Source : Baruch de Spinoza, quatre conférences, par Ernst Bloch, traduit de l’allemand, annoté et préfacé par Arno Münster, éditions Delga.
La pensée qu’une
chose puisse obéir à des buts, pour Spinoza, est une idée adéquate, une
illusion subjective. Mais la pensée du Bien et du Mal est également une idée
inadéquate qui sera et devra être dissoute. On ne doit pas acclamer ou plaindre
une chose, ni se moquer d’une chose, ni en pleurer, mais on doit comprendre une
chose. Tant que je me trouve dans l’autre état, j’ai en même temps des affects
inadéquats et des idées inadéquates. C’est de nouveau la preuve d’un
rationalisme extrême. Afin de chasser les idées inadéquates, Spinoza fait appel
aux affects. Il fait combattre des affects par des affects. Dans le domaine de
la politique, des affects inadéquats doivent combattre d’autres affects
inadéquats, on doit jouer une de nos bêtes contre l’autre. En revanche, le sage
va combattre ses affects inadéquats par des affects adéquats et l’affect
fondamental contre tous les affects inadéquats est la fortitudo, la vaillance,
le courage.
Appartiennent aussi
aux affects inadéquats des affects qui, à première vue, n’apparaissent pas du
tout comme tels, par exemple le repentir ou la pitié. Le sacrement de la
pénitence, la pénitence annuelle a été proclamée comme un devoir du chrétien,
au quatrième concile du Latran, en 1215, qui, avec l’intériorisation du
christianisme, a dépassé de loin, au Moyen Âge, le sacrement du baptême, ne
semble jamais avoir existé chez Spinoza.
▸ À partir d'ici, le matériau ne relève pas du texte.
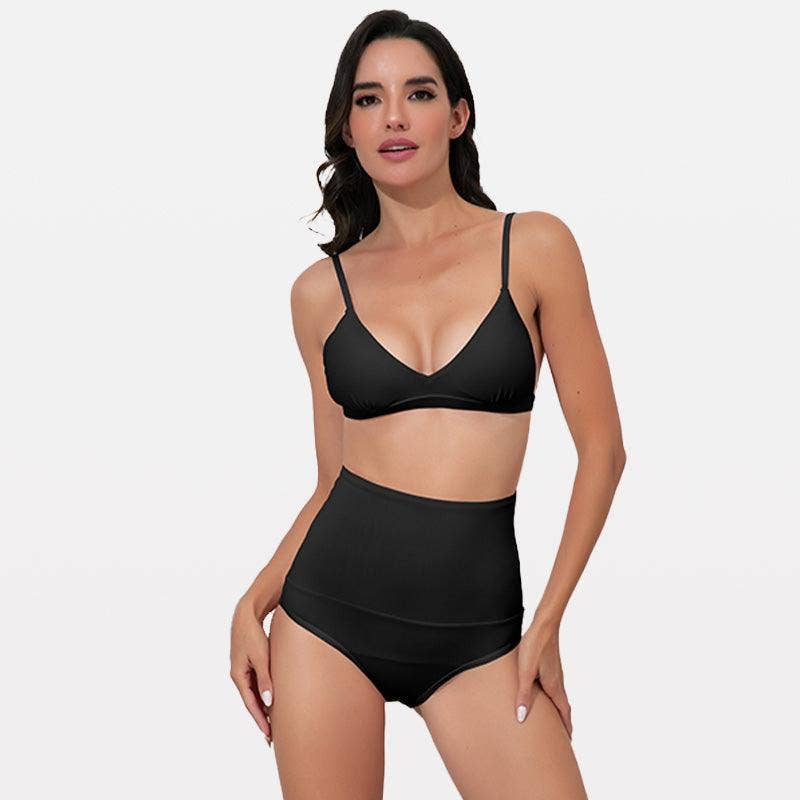 Period Swimwear High-Waist Bottoms
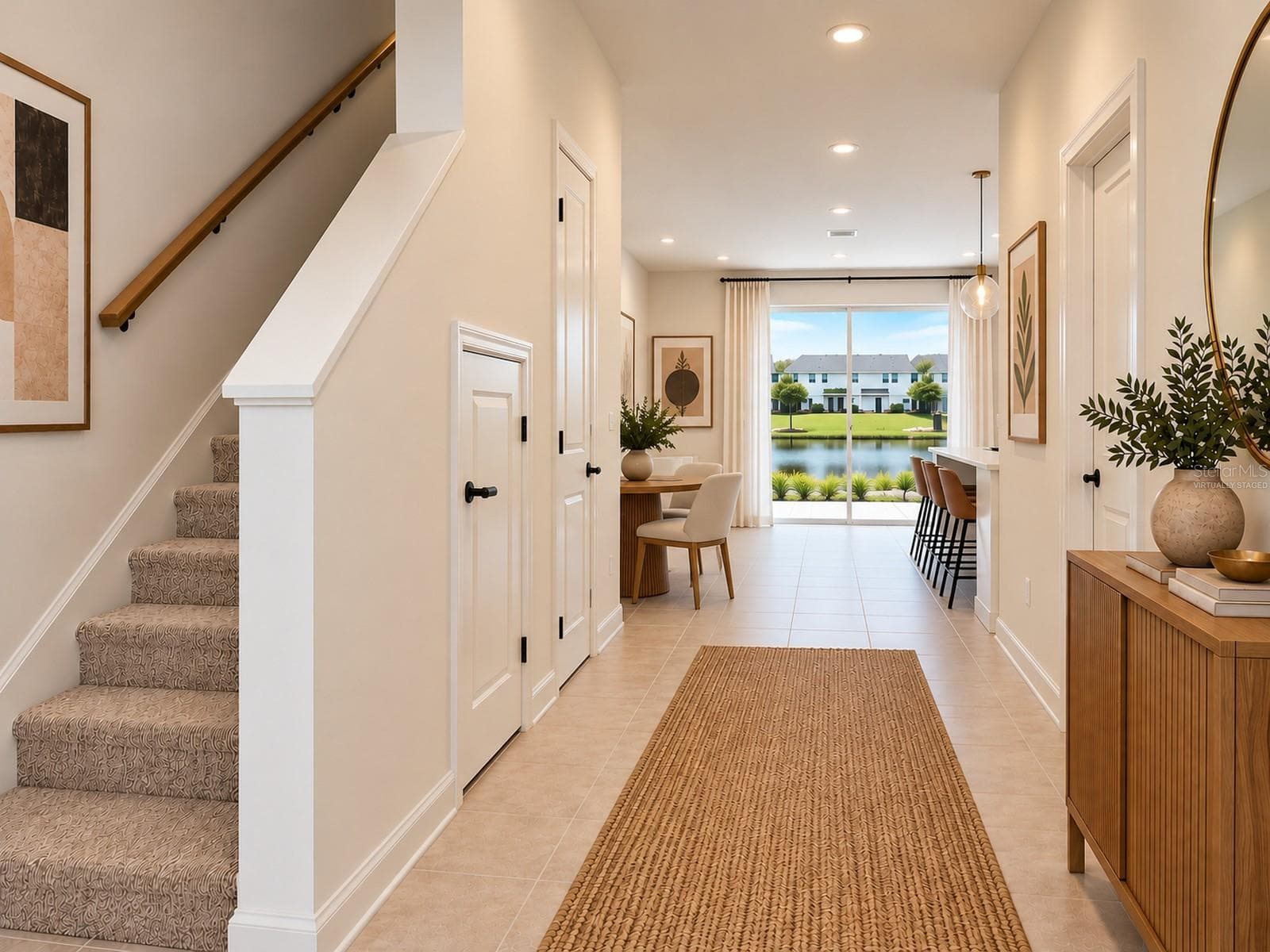 Virtually Staged - 5780 HAVEN TER, NOKOMIS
Le repentir est un affect inadéquat,
parce qu’il rend triste. Ce qui nous rend triste, cela diminue notre être. La
pitié nous rend triste, déprimé, par conséquent, tous les affects déprimants
sont par définition inadéquats. La joie, en revanche, est le signe d’un affect
adéquat et signifie un accroissement de la vie, un accroissement vital.
Chez Spinoza, cet
homme contemplatif qui a mené une vie si solitaire et si isolée, vous retrouvez
un tel souffle de la Renaissance, une telle valorisation et même
survalorisation des valeurs vitales ascendantes comme la seule chose humanisant
l’homme, comme cela n’était plus gère apparu depuis.
Contre tout ce qui
nous opprime, déprime, nous accable, nous devons opposer la vaillance. Mon
bonheur, c’est mon honneur, pourrait-on dire. Suum esse conservare, se
conserver dans l’être, conserver son véritable être, cela signifie être
courageux, être debout contre tous les affects inadéquats, contre tout ce qui
me semble arriver dans ce monde inadéquat. Je dois découvrir la nécessité et me
comporter en conséquence. Un affect tardif, un affect inadéquat, c’est l’affect
fondamental de la vertu. C’est grâce à la médiation de Machiavel que la vertu
en tant que virtus, au sens romain est réactualisée. Virtus
signifie, authentiquement, virilité ; cela a dont été mal traduit par
vertu.
Il ne s’agit pas de la vertu dont se moque Wilhelm Busch (1832-1908) « Ils ont tout derrière eux / et ils sont, dieu soit loué, assez vertueux. » C’est le concept de vertu du curé, de l’homme habillé en chemise de nuit et portant un bonnet de nuit qui s’est imposé au dix-neuvième siècle, à l’ère de la Restauration, avec le vase de nuit réchauffé. Dans le concept de vertu de Spinoza, nous trouvons le souffle, l’haleine de la Renaissance et c’est dans ce sens précis qu’on doit comprendre sa proposition au cinquième livre de l’Éthique : « La béatitude n’est pas le prix de la vertu, mais la vertu elle-même. » Cela signifie virilité, cela signifie devenir-identique avec le vrai être en nous-mêmes. C’est de cette manière que j’ai en même temps une idée adéquate, que je suis en contact avec l’être fondamental, le véritable être.